3. I have another Celtic podcast to listen to so he had better buckle up his ears and listen, unless he wants to walk to Santa Cruz.

The truth is I have another 57 Scottish football podcasts to listen to. They are lining up on my phone like a Saturday night crowd at the Sub Club in 1986. Not just Celtic podcasts, of which I count five. There’s also The Terrace, BytheMin Aberdeen, Fitba Hacks, Nutmeg podcast, MFC Podcast and, for those occasions when my blood pressure is trending dangerously normal, Superscoreboard and BBC Sportsound. I’ve even recently subscribed to Heart and Hand on Patreon – four dollars a month for a Rangers podcast. A Rangers podcast, for fuck’s sake.

My point is, now that I live in California I have never been more tuned into Scottish football. God bless the internet and all those who invented it.

Never mind, a four-day-old copy of  the Guardian – if something SPFL-related has happened four seconds ago, then I probably know it. I find myself on the phone to Scotland, telling a pal stuff about Ross County that he doesn’t know, and doesn’t want to know. Motherwell’s latest transfer targets? I’m your man. The ‘tactical genius’ of Brendan Rodgers unpicked? Have you got a spare five hours?

I am typing this in the study in our house in a small California town called Mill Valley. Look it up. It’s like Walt Disney’s hipster brother built a theme-park for smug, wealthy white people. Mountain biking was invented on the hill outside our front door. The beach is 15 minutes away. The surfing is great (though there are sharks out there). Some of the best skiing in the world is a two-hour drive north. But here’s the thing: if there is a Celtic game on, if there is an SPFL game, I am doing none of these things. I am watching the game.

I love it. I love Celtic. I love Scottish fitba in ways I never loved it when I lived in Scotland. Not just the SPFL, but the other three leagues as well. Being a thoughtful kinda of person (not really), I occasionally wonder why this is so?

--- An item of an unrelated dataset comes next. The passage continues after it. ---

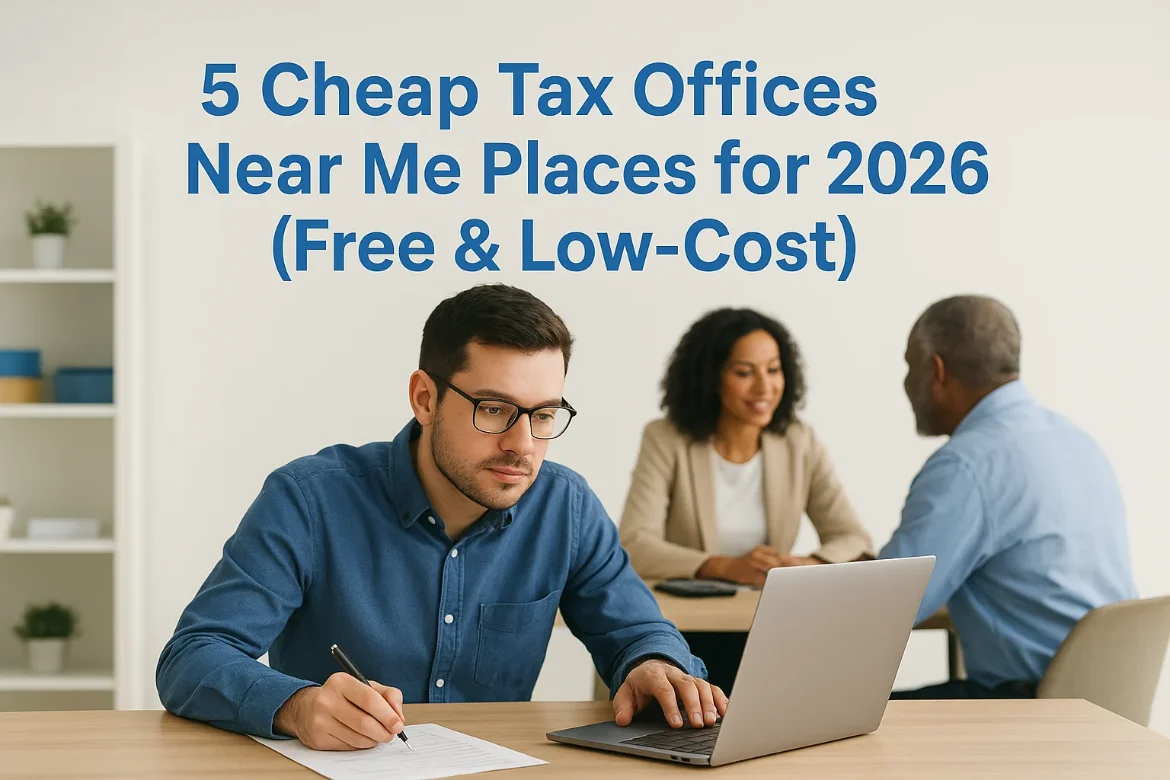 Cheap Tax Office Near Me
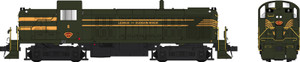 Bowser - Ho Alco RS-3 Diesel L&HR 7 - 25605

The swanky, pseudo-psychologist explanation is that a form of detachment aversion is at play, that I am 5,000 miles from home and desperately clinging on. Well, maybe. But if it was really about maintaining my ‘Scottishness’ then why do I make a special effort to stay away from all the expat stuff going on in these parts. For example, there is a very famous Scottish pub in San Francisco called the Edinburgh Castle. A great pub, by all accounts. I haven’t been in it once.

This brings me to the football itself. Celtic. The SPFL. The fitba.

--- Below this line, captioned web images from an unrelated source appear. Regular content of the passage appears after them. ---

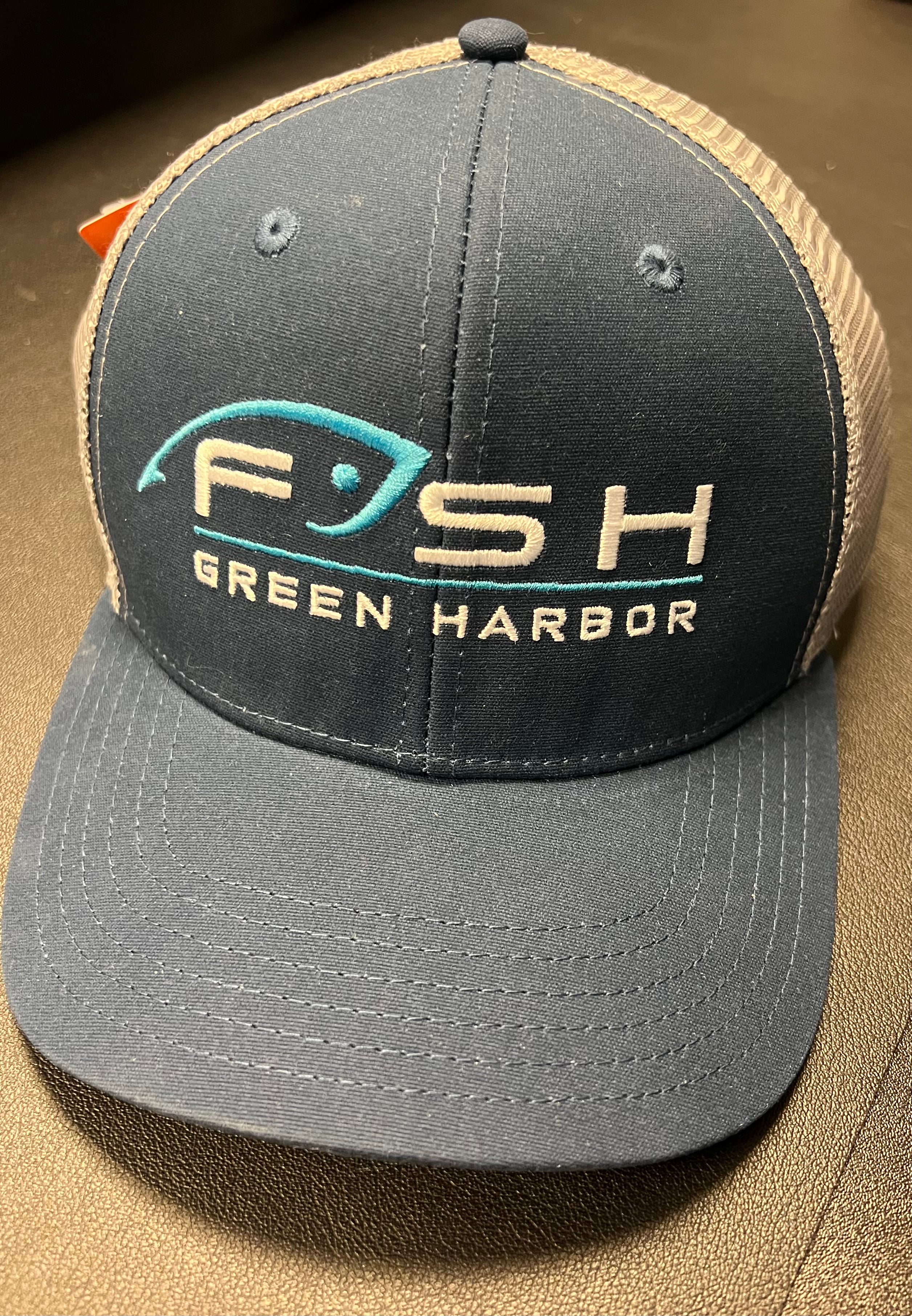 FISH & Tackle - FISH Green Harbor Waxed Canvas Trucker Hat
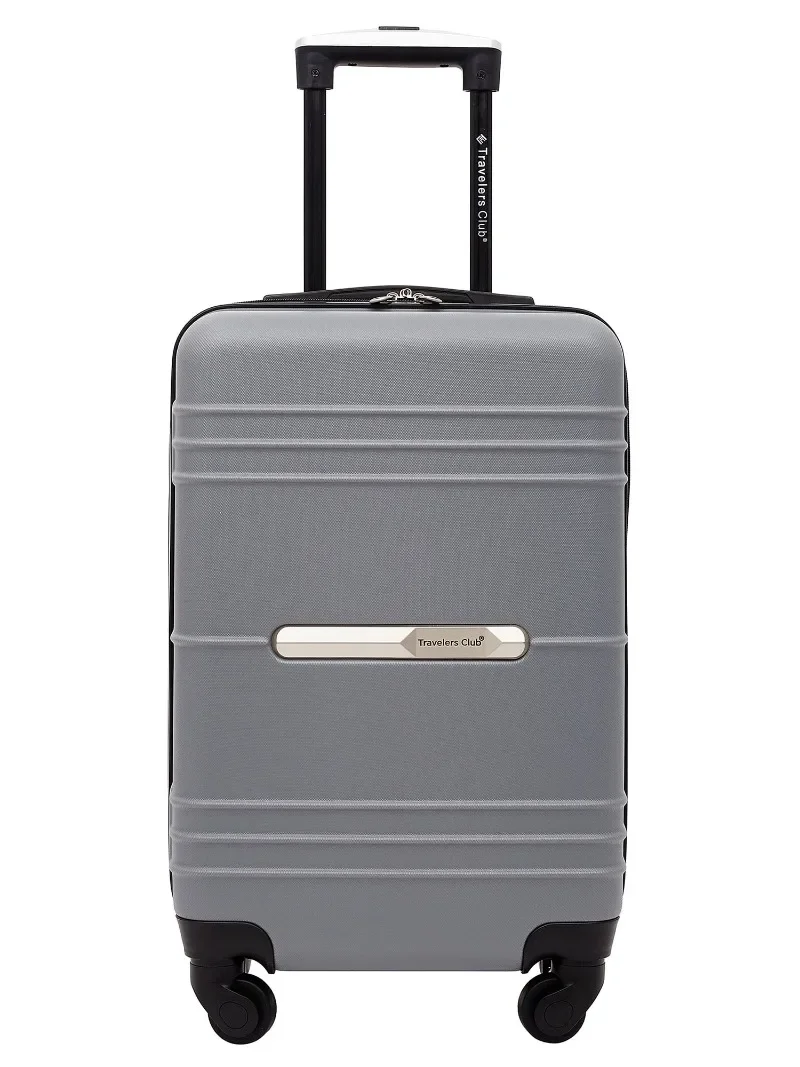 Borsone Da 20 Pollici Con Rotelle Hardside-Grigio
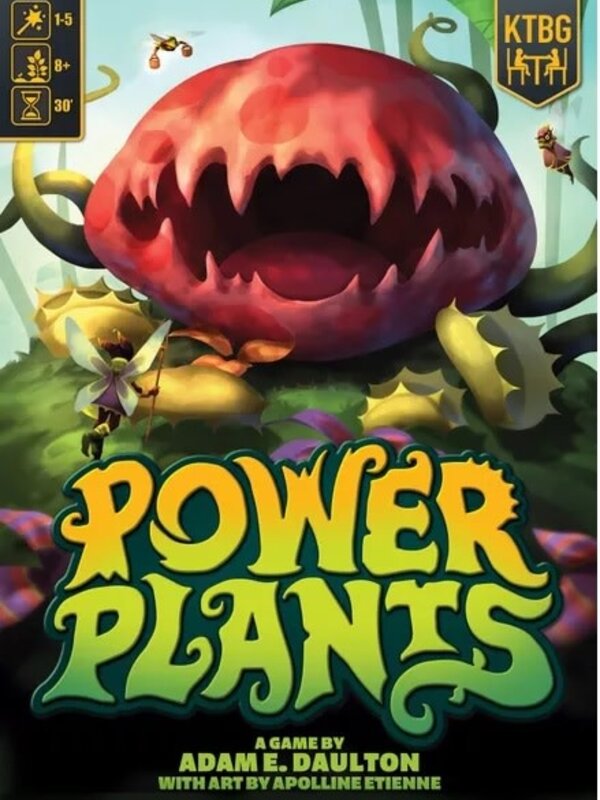 Kids Table BG Power Plants: (Deluxe Edition) (EN)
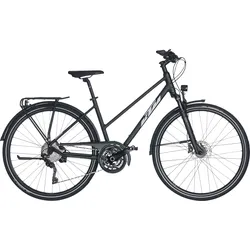 KTM Veneto Light Disc Damen Trapez schwarz 2024 - 28" - 46 cm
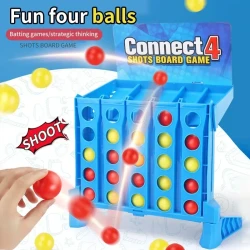 Bounce & Connect 4 - Parent-Child Interactive Game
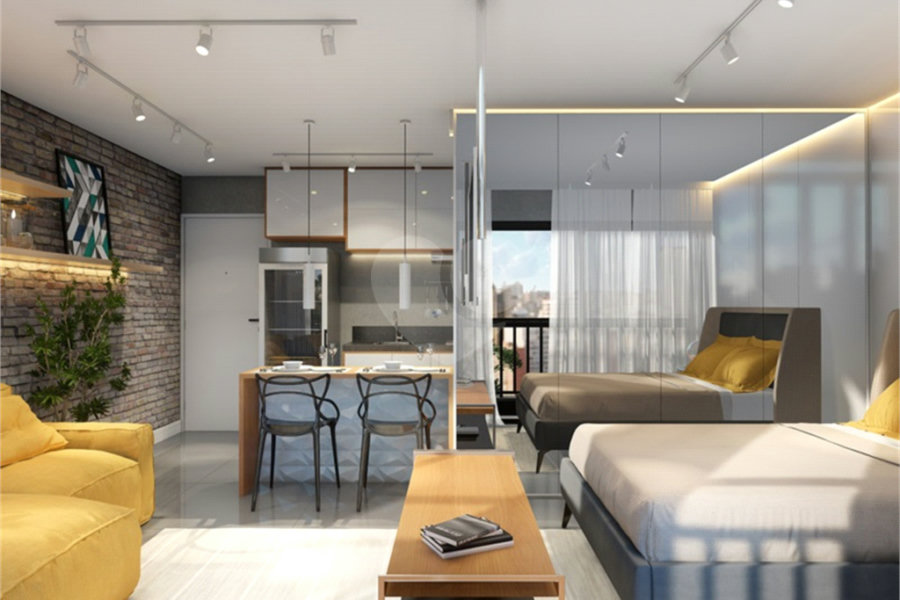 Studio à venda ou para alugar com 1 quarto em Jardim São Paulo(zona Norte), São Paulo, SP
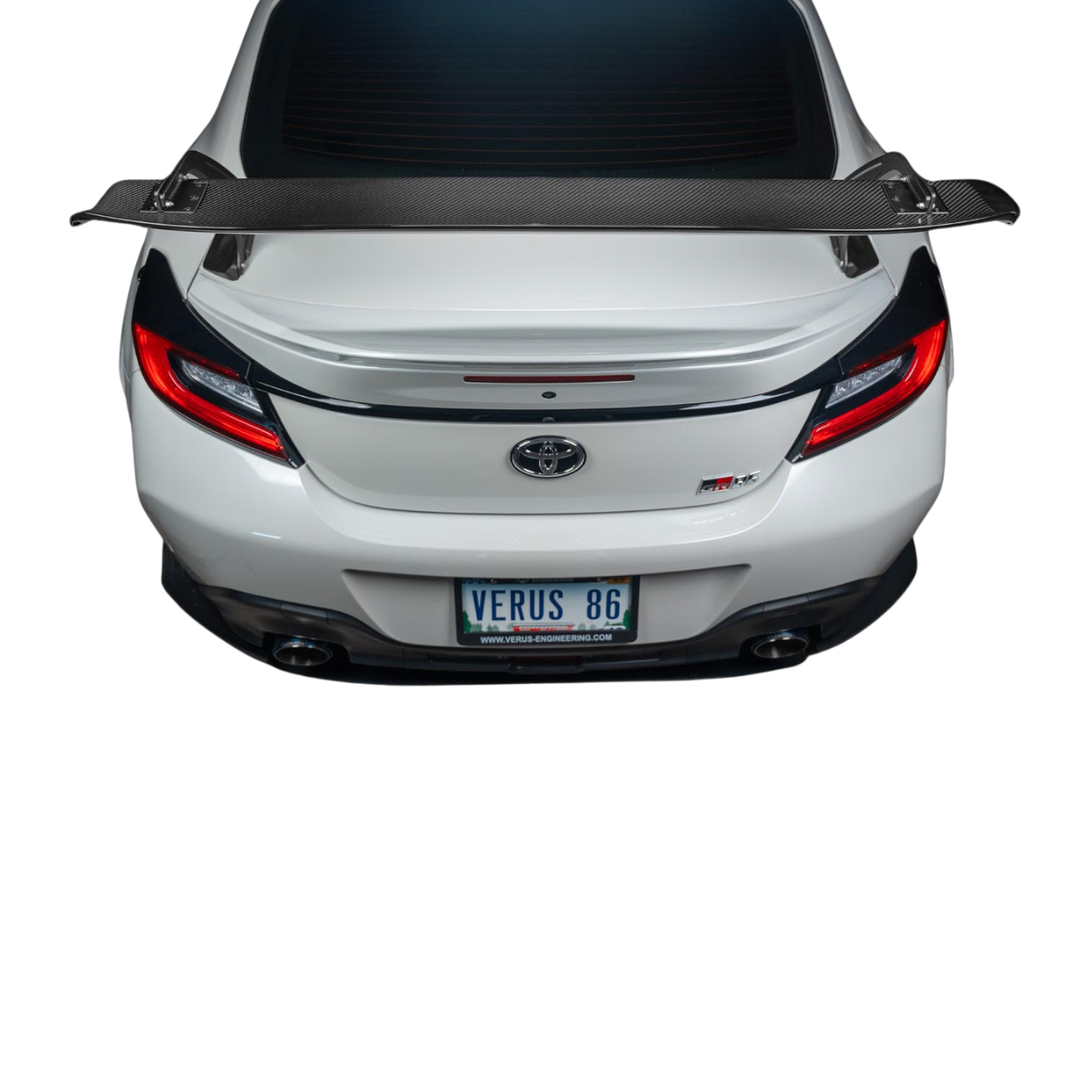 Verus Engineering GR86 / BRZ Rear Wing Kit - High-Efficiency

What if this obsession had nothing to do with a Scotsman being torn from his roots and desperately trying to swim back? What if it was to do with  the raw and rugged  brilliance of Scottish football itself?

Now this is a very unfashionable view in 2018, especially amongst the cognoscenti (self-appointed and self-regarding) who seldom mention the SPFL, except when they want to road test a brand new form of contempt. Verily, the standard of play is crap so why bother? (Is verily still a word, by the way?)

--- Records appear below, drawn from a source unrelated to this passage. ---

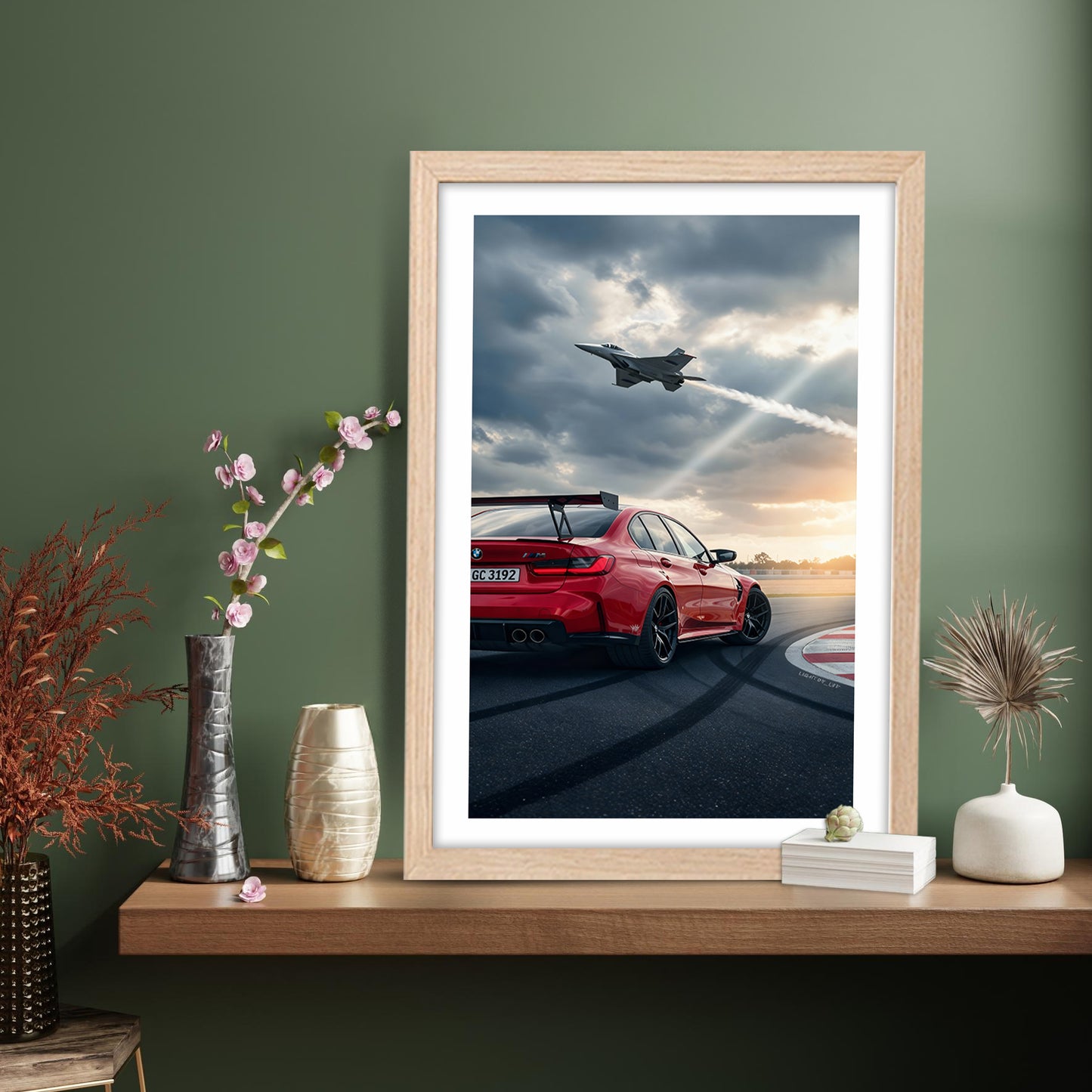 BMW Maverick Wall Art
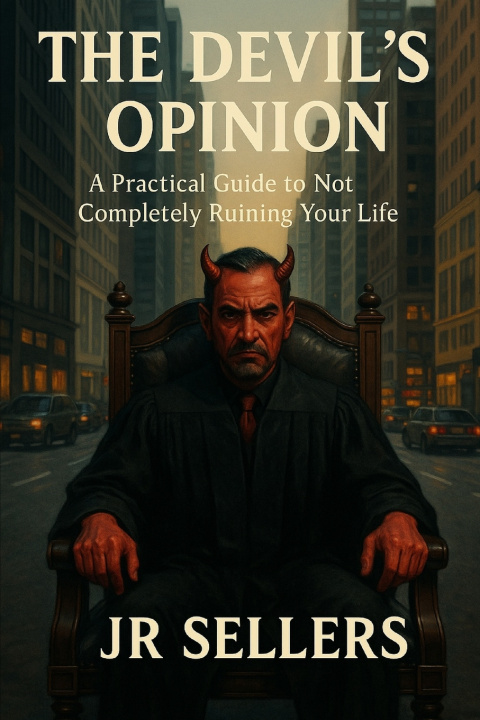 Knjiga The Devil's Opinion JR Sellers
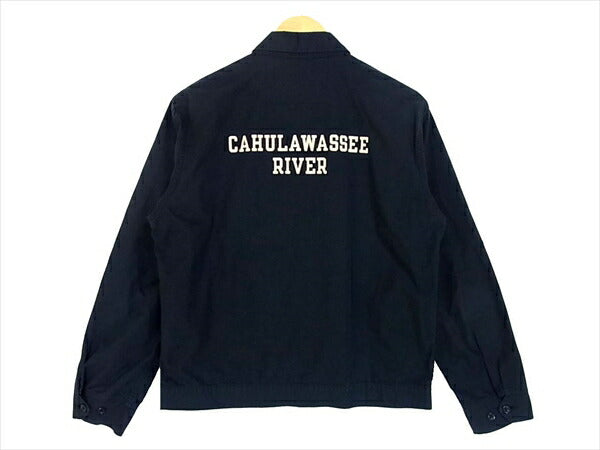 TENDERLOIN テンダーロイン T-STP JKT コブラプリント スウィングトップ 日本製 ジャケット 黒系 黒系 M【中古】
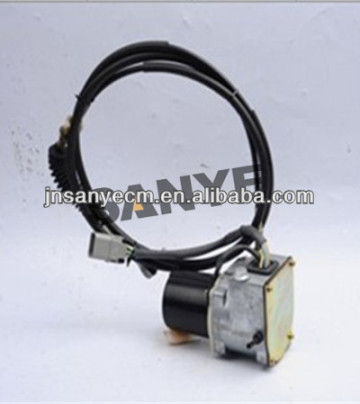 Daewoo excavator spare parts DH220-5 fuel control motor assy 2523-9014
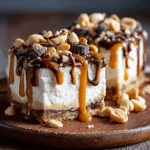 Peanut Butter Snickers Dessert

Fair enough, I suppose, although I could make a case for Rodgers’ team being  a very decent outfit on their best days. But having sat through PSG 12 Celtic 1 this season, I will leave all of that to one side and ask another question: what is football all about? What should it be about? What was it about when it was at its best? The answer to none of these questions is PSG. Or the tourist-filled stands at Barcelona. Or the English Premier League.

The answer is Celtic (insert your own SPFL team here). It is about roots. Not national roots, but football roots. It is about connection. It is about something real, something that connects us to our past and, we hope, our future. Sure, the football isn’t perfect but so what? The problem with perfection is that there is nowhere else to go except down. There is beauty and hope in imperfection. That is it for me. It’s nothing to do with clinging on to Scotland. It is about clinging on to football.

I listen to people dismissing Celtic and the SPFL in general and I imagine them in 15 years time, puzzling over how it is the World Soccer Super League isn’t all it was cracked up to be. They’ll be like those muppets who threw out all their 7-inch punk singles and rushed out to buy CDs, trying to recapture a past they were far too quick to abandon.

Well, not me. No way.

This article first appeared in Issue 7 which was published in March 2018.